「西武ルーキー」が異例の自主退団 野球選手の不祥事がなくならない“根本的な原因”

「西武ルーキー」が異例の自主退団 野球選手の不祥事がなくならない“根本的な原因”

西武の入団会見に臨む川村啓真

■東都大学リーグで首位打者に輝いた期待の新人が……


 連日熱戦の続くプロ野球だが、プレー以外の点でショッキングなニュースが飛び込んできた。6月10日に西武を自主退団した川村啓真元外野手が持続化給付金の不正受給に加担していたと、週刊FLASH(2022年7月12日号)で報じられたのだ。退団の4日前である6月6日には川村の兄である川村太晟容疑者(24)が詐欺の疑いで山梨県警に逮捕されており、そのことが引き金になったと見られている。【西尾典文/野球ライター】

 川村啓真元外野手は、日本文理時代の3年夏に甲子園に出場し、ホームランを放つなどの活躍を見せた。国学院大進学後、4年春には全国トップレベルを誇る東都大学野球一部リーグで首位打者を獲得。ドラフトの指名順位こそ育成4位と高くなかったが、将来を高く期待されていた。

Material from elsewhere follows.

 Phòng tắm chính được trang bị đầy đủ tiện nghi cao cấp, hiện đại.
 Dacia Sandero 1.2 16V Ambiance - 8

 そんな選手が1年目に自らの申し出で退団することは異例だけに、様々な憶測が飛び交っていたが、まさかの事態にファンの間で衝撃が広がっている。プロ入り前に球団は、その選手についてあらゆることを調査すると言われるが、今回の事態はプロ球団側に与えたショックも大きかったようだ。

「球団によって多少の差はありますが、指名を検討する選手については、担当スカウトがあらゆることを調査します。高校生、大学生の場合、表立って本人と接触できるのはプロ志望届を提出してからですが、両親や指導者にはそれ以前から話を聞くことも多いですね。以前は、多少やんちゃな選手の方がいいみたいなこともよく言われていましたけど、最近はプロ野球もコンプライアンスが厳しくなっているので、当然、トラブルになるようなことは事前に知っておく必要があります。ただ、川村元外野手のようなケースまで把握しておくことはなかなか難しいですね。事前に分かっていれば、ドラフト指名を回避するはずで、西武の担当者もビックリしたんじゃないでしょうか。コロナ禍で思うように練習ができなかった時期みたいですから、チーム(大学)の方も目が届かなかったというのはありそうですね」(他球団の関東地区担当スカウト)


■甲子園優勝チームの元主将は強盗致傷事件で逮捕


 ここ最近、世間を騒がせることが多い犯罪に現役のプロ野球選手がかかわっていたことが与えた衝撃は大きいが、これまでもOB、現役選手による不祥事は少なくない。今年5月には巨人、近鉄でプレーした小野仁元投手の窃盗容疑による裁判が秋田地裁で開かれ、懲役3年、執行猶予5年の判決が言い渡されている。また、昨年12月にはソフトバンクに所属していた古谷優人元投手がロッカーでの私物窃取が発覚し、球団は自由契約を言い渡し退団となっている。

 このほか、現役選手の大幅な速度超過運転、元選手の詐欺、さらには強盗殺人など悪質な犯罪を挙げればかなりの数にのぼる。最近ではプロ野球選手ではないが、夏の甲子園で優勝したチームの主将を務めた選手が大学の野球部を退部し、その後、強盗致傷事件を起こしたこともあった。

 高校野球、大学野球では「野球を通じた人間教育」を標榜するチーム、指導者も少なくないが、トッププロやトップアマの世界でこれだけ事件が頻発していては、その言葉もむなしく響くだけである。では、こういった不祥事がなくならない背景にはどのような事情があるのだろうか。


■野球部員は貴重な収入源


「昔はいわゆる“ワル”と呼ばれるような選手も多かったですが、それを厳しい規則や規律で押さえつけて、矯正していた部分があったと思います。そういうやり方についていけなかった選手はドロップアウトすることも多く、その後に何か問題を起こしても『野球部としての』不祥事にはならなかったというのはあるかもしれませんね。最近はそういうやり方をするチームは、比較的少なくなっています。高校でも100人単位、大学だと200人以上の部員を抱えているチームもあって、どうしても全部員に指導者の目が行き届かなくなる。人数を絞りたくても、学校、大学としては少子化の中で、野球部員は貴重な収入源なので減らしたくないという思いもある。そんな中で部員全員をまとめて、一つの方向を向かせるというのは簡単ではないと思います」(関東地区の高校野球指導者)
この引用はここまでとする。